Le spectacle joue dans sa vie une place prépondérante : opéra, théâtre, bals, marionnettes, concert, carnaval, danse, cabaret, ballets, music-hall, mime, acrobatie, de sorte qu'on peut lire l'œuvre au travers de ceux-ci et y déceler des correspondances que Pierre Boulez met en évidence.
On estime l'œuvre à 10 000 numéros.

Expositions : 1911, Blaue Reiter, Tannhauser-Golz, Munich, (G) ; 1925, Vavin, Paris ; 1963, Beyeler, Bâle, (P) ; 2010, Fondation Beyeler, Musée de l'Orangerie, Paris, (P) ; 2011, Cité de la musique, Paris, (P) ; 2013, Tate Moder, Londres, (P).

Rétrospective : 1935, Kunsthalle Berne ; 1969, musée national d'art moderne, Paris ; 1972, Fondation Maeght, Saint-Paul-de-Vence ; 1985, centre Georges-Pompidou, Paris ; 2008, Palais des Beaux-arts, Bruxelles ; 2013, Tate Modern , Londres.

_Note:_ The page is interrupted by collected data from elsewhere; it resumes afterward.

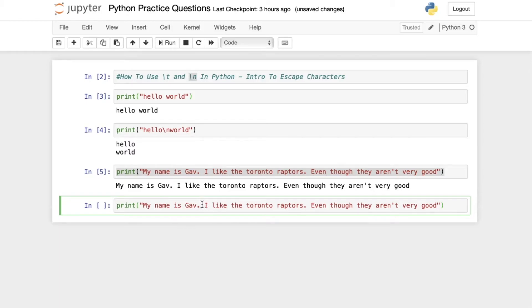What if I wanted to put I like the Toronto Raptors on its own line, as well as even though they aren't very good on their own line? Well, that's when we use those escape characters.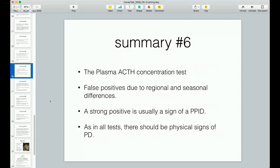The plasma ACTH concentration test has a lot of false positives due to regional and seasonal differences. For instance, if you're in early fall in New York and you do this, you'll come back with a high positive, but that same horse in Alabama may not. Most laboratories testing for ACTH in horses have devised a method to adjust for the season, the month the blood test is taken, and the location — they compile all samples and figure out what's really normal for horses at that time of year in that location. If your horse moves from New York to Florida, the results could be totally different.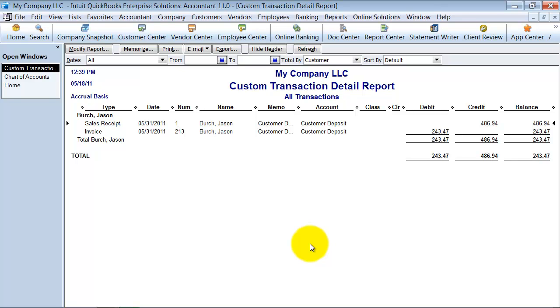And also if, again, if this job decided to quit at this point, what amount of money you would owe back to them, which would it only be the $243.47, because you've already done 50% of the work. Okay. So that's customer deposits.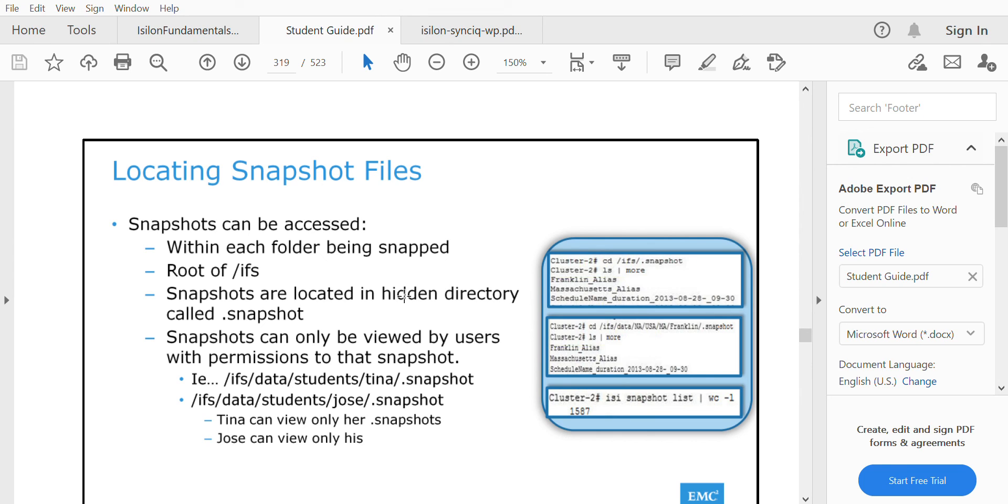In any of these cases, we'll go and restore the file. Let's see more in practicals about the SnapshotIQ software.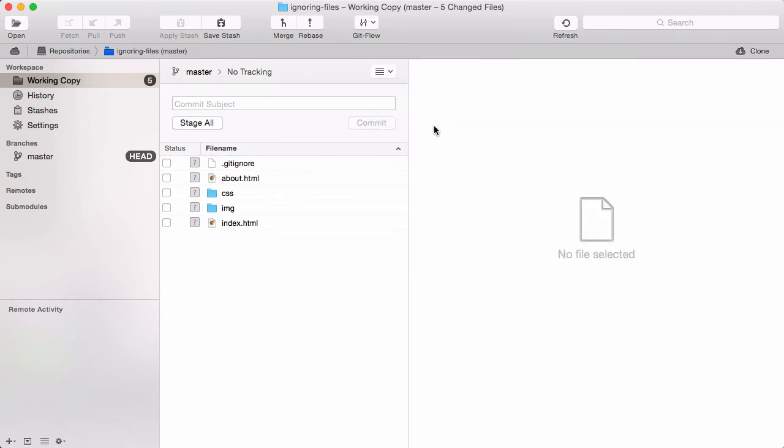Note that the gitignore file is version controlled like any other file in your project. This also means that its contents are shared and valid for all team members.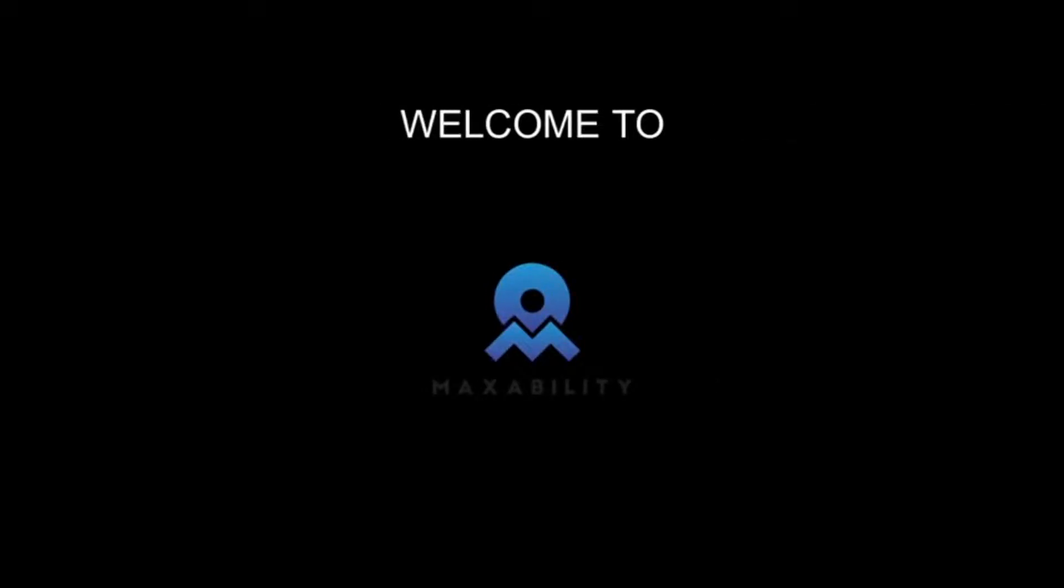Welcome to Maxability. To unfold different layers of knowledge, stay tuned with us till the end of the video.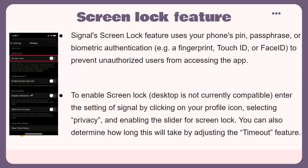The Signal screen lock feature uses your phone's PIN, passphrase, or biometric authentication like a fingerprint, Touch ID, or Face ID to prevent unauthorized users from accessing the app. Note that desktop is currently not compatible with this feature, but you can use it on your phone or iPad. To enable screen lock, enter Signal's settings by selecting your profile icon, select Privacy, and enable the slider for screen lock as shown. You can also adjust the timeout feature to determine how long before it activates.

Musées : Zentrum Paul Klee, Berne, 4 000 numéros, soit 40% de la production , tout ce qui figure dans l'atelier à sa mort ;
Kunstsammlung Nordheim Westfalen, Düsseldorf, 94 œuvres achetées en 1960 à Ernst Beyeler*, en provenance de la collection Thompson de Pittsburgh ; Staatsgalerie Moderne Kunst, Munich, 13 œuvres ; Metropolitan Museum, New York, 90 œuvres, donation Heinz Berggruen* en 1984 ; Collection Bernard Koelher, 30 œuvres disparues dans le bombardement de Berlin en 1945 ; Collection Felix Klee, Berne, de très nombreuses œuvres ; Fondation Beyeler, Bâle, le Klee tardif par préférence mais non exclusivement.

Citation(s) :
Il a dit :
- L'art ne reproduit pas le visible, il le rend visible. Et le domaine graphique, de par sa nature même, pousse à bon droit à l'abstraction. Il n'y a guère qu'avec la musique que je me sois toujours bien entendu.

On a dit :
- Il m'est impossible de parler de Klee sans alléguer la légèreté, la grâce, l'esprit, le charme, la finesse qui lui sont essentiellement propres. On ne sait que préférer, de la délicatesse de ses aquarelles ou de l'invention sans cesse renouvelée de ses dessins. Cette grâce qui est celle des poètes, d'atteindre aux limites de l'imagination, s'appelle de nos jours puérilité ou démence, suivant le notaire ou le manœuvre qui juge et tranche du coup ce qu'il y a de plus précieux et de plus subtil. (Aragon).
- Dans le genre fœtus, il organise quelques intéressantes visions. J'aime assez quelques-uns de ses cauchemars, ses synthèses mentales (ou ses architectures au caractère mental), et quelques synthèses cosmiques où toute l'objectivité secrète des choses est rendue sensible. (Artaud).
- L'œil écoute. (Paul Claudel).
- Il est l'inventeur du futur puisqu'il a ouvert toutes les portes. (Folon).
- Il s'exprime en demi-tons dont la juxtaposition est dune harmonie exquise; placées les unes près des autres, ces teintes fragiles ont plus de force que les couleurs violentes chez d'autres peintres. (Julien Green).
- Vous êtes le plus grand peintre du petit format et moi, le plus grand du grand format. (Picasso).
- Klee est un ange qui recrée toutes les merveilles du monde. (Sartre).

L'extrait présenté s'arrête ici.